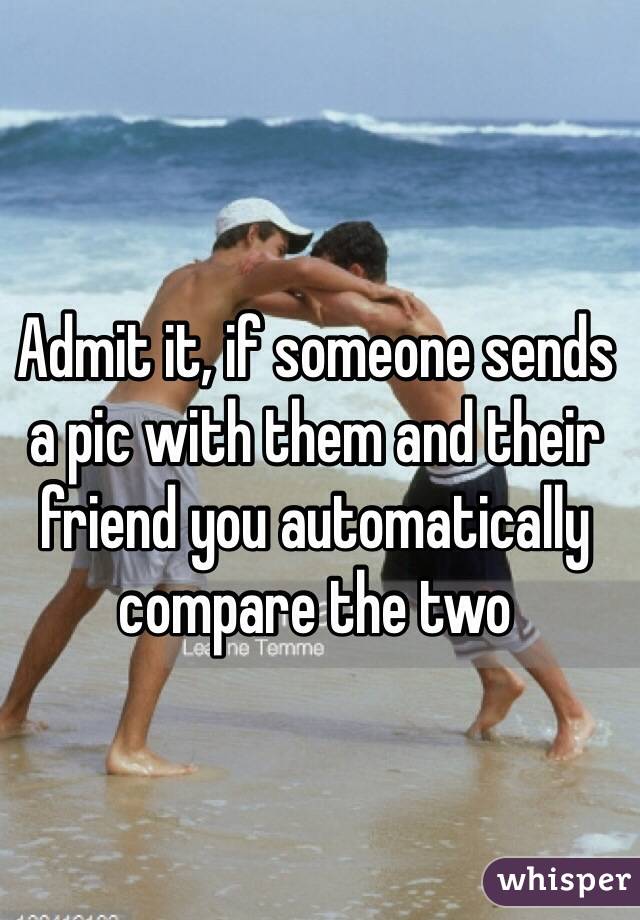 Admit it, if someone sends a pic with them and their friend you automatically compare the two
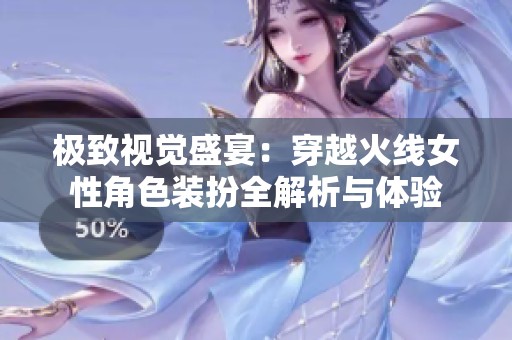 极致视觉盛宴：穿越火线女性角色装扮全解析与体验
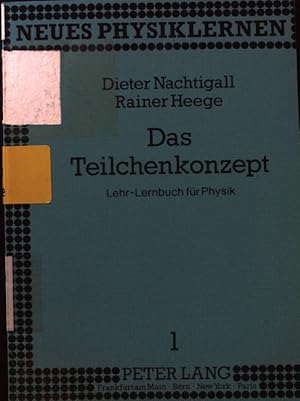 Bild des Verkufers fr Das Teilchenkonzept : Lehr-Lernbuch fr Physik. Neues Physiklernen ; Bd. 1 zum Verkauf von books4less (Versandantiquariat Petra Gros GmbH & Co. KG)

☆ ☆ ☆ ☆ ☆

[What this task involves]
Lines from the one that contains "极致视觉盛宴：穿越火线女性角色装扮全解析与体验" through the last line of the data above are to be extracted exactly, with no pictures and no other lines.

[Response area]
 极致视觉盛宴：穿越火线女性角色装扮全解析与体验
 Bild des Verkufers fr Das Teilchenkonzept : Lehr-Lernbuch fr Physik. Neues Physiklernen ; Bd. 1 zum Verkauf von books4less (Versandantiquariat Petra Gros GmbH & Co. KG)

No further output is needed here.